Family-owned businesses are a slice of the universe of "pass through" companies -- partnerships, limited liability companies and S Corporations -- that pay taxes through individual rather than corporate returns. Trusts in this category of business include Hobby Lobby, the arts and crafts chain founded by billionaire David Green, and Love's Travel Stop. They also include such small businesses as grocery stores, packaging makers, wholesalers and beer distributors.
Tax writers in the Senate crafted the bill in a way that prevents trusts and estates that operate businesses from reaping the benefits of new low business tax rates. Republican tax writers haven't explained their motives, but the move could save billions.
"If they are really left out of this, that in my opinion would be a problem," said Ed McCaffery, who teaches tax law at the University of Southern California's law school.

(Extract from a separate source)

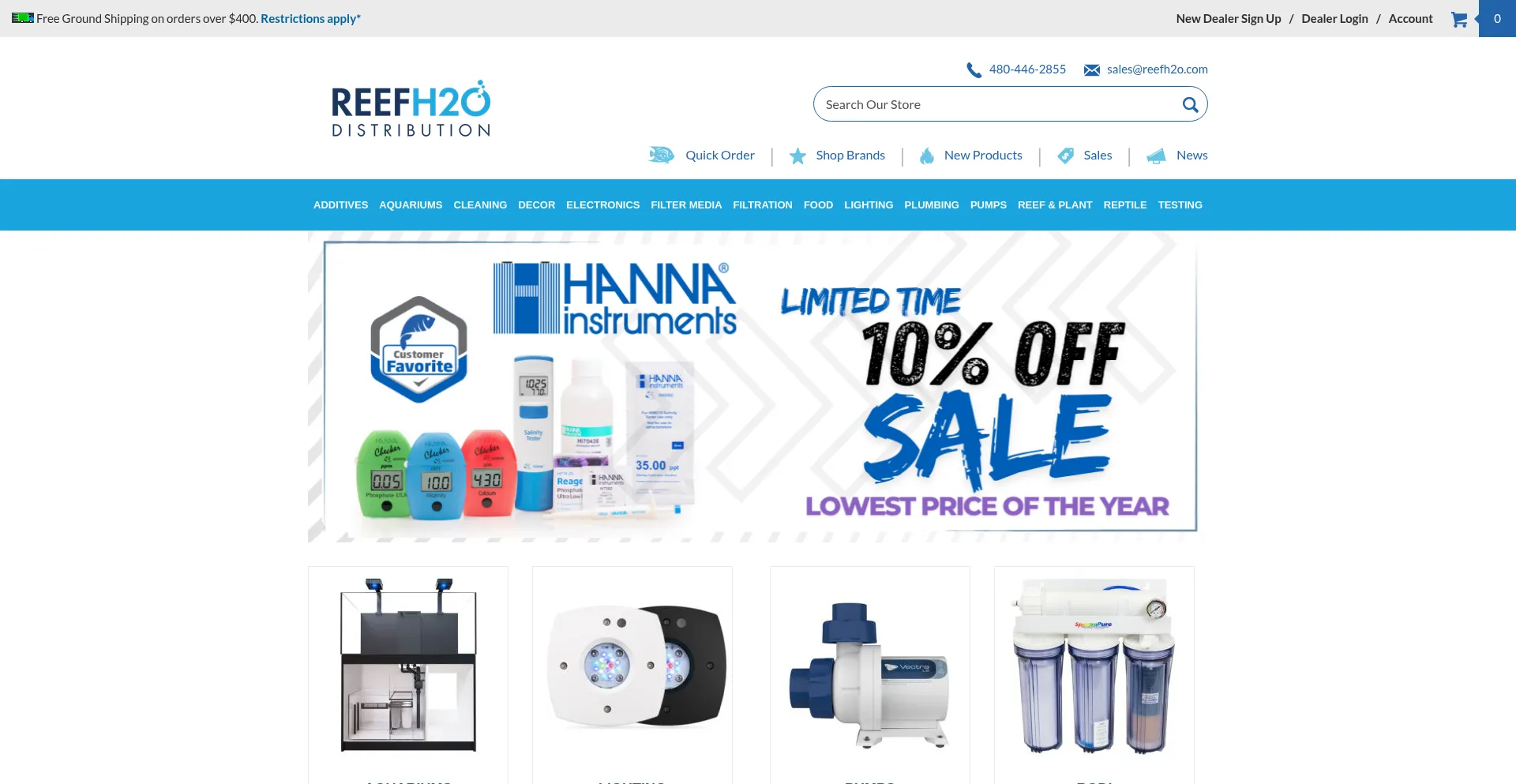 Website screenshot of Reefh2o.com
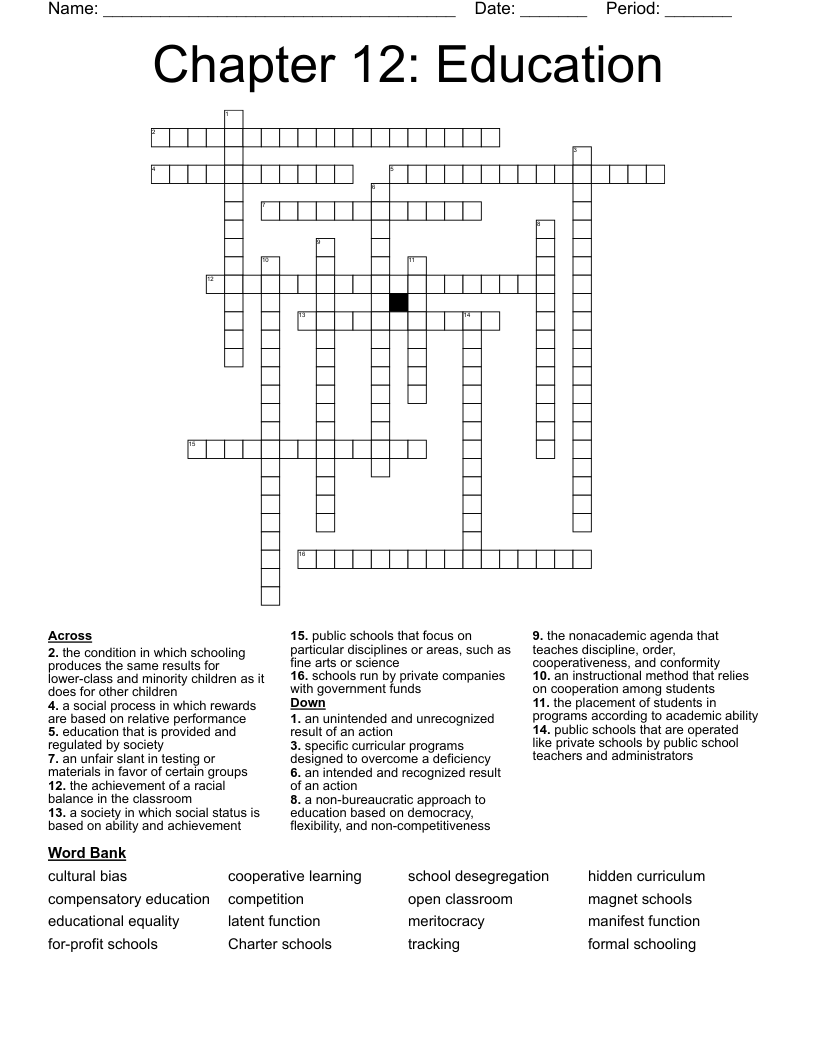 Chapter 12: Education Crossword - WordMint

The issue isn't about the tax levied at death on large estates that Republicans are trying to reduce. It's about the income taxes due when a trust or an estate owns a business.
Trusts can vary in form, and the tax treatment is complicated. But for a certain type of trust known as an "electing small business trust" created by a 1996 law, or ESBT, the consequences of the tax bill could be profound if the Senate version of the tax bill becomes law.
Earnings generated by such trusts are taxed as ordinary income -- even if that income is retained with the company to be reinvested later. Every dollar of income is taxed at the top marginal rate, currently 39.6%, but 38.5% under the Senate bill. The Senate bill creates a new rule for pass-through businesses that gives those that qualify up to a 23% deduction on their tax rate. Trusts wouldn't get that deduction.
In contrast, other qualifying pass-through businesses would receive a top tax rate of just under 30%, when factoring in the new deduction. The tax rate applied to corporations would drop to 20% under both House and Senate tax bills. In other words, businesses held in trust would have to pay taxes of from 10 to 20 percentage points more than other types of companies.
"This is potentially devastating to myself and others," said Deborah Jacob, the chairman of MJS Packaging, which employs more than 100 people to design, make and distribute packaging and containers.
Ms. Jacob would like to keep the Livonia, Michigan, company going to hand it down to a new generation, but "it takes a lot of hard work" and "it's going to be made almost impossible given the uneven playing field that's being presented."
Bigger companies are also worried about being put at risk. "It does put us at a competitive disadvantage," said Jon Cargill, the chief financial officer of Hobby Lobby.
The subject came up at a closed-door lunch among Senate Republicans last week.
"We've singled them out to be mistreated," complained Sen. Ron Johnson (R., Wis.), about the motives of tax writers. "We couldn't offer that kind of discount to everybody so let's cut out trusts because they're an easy one to pick off -- we always hear about trust babies."
Mr. Johnson plans to press for trusts to be entitled to the same treatment as any other pass-through when a conference committee resolves differences between House and Senate bills. He added that Republican tax writers were constrained by their commitment to keep the cost of the bill at $1.5 trillion over a decade before accounting for economic growth, meaning not everybody could get a break.
Rewriting the portion of the tax bill that deals with pass-through entities is one of the biggest hurdles remaining for Republican lawmakers, who have passed versions of sweeping tax legislation through both chambers, with no Democratic support. It isn't clear how much it would cost to treat trust-owned businesses the same as other similar pass-through entities, but the cost might not be cheap.
"It's not a tiny sliver," Laura Howell-Smith, a managing director in the Washington DC tax office of Deloitte Tax LLP when asked about how many trusts were set up as electing small business trusts. She estimates that more than half of all partnerships and S Corporations would be adversely affected if trusts and estates are excluded from receiving a deduction available to other qualified pass-through entities under the Senate bill.
"When the government starts picking winners and losers, that starts to be a real challenge for us," said Rob Bartels, president and chief executive of Martin's Super Markets Inc. in South Bend, Indiana, a 70-year-old business with 23 stores that employs about 3500 people in Indiana and Michigan.
Martin's has faced competition against behemoths like Whole Foods Market, CVS Health Corp., Costco Wholesale Corp. and Dollar General -- all corporations whose tax rates would drop to 20%.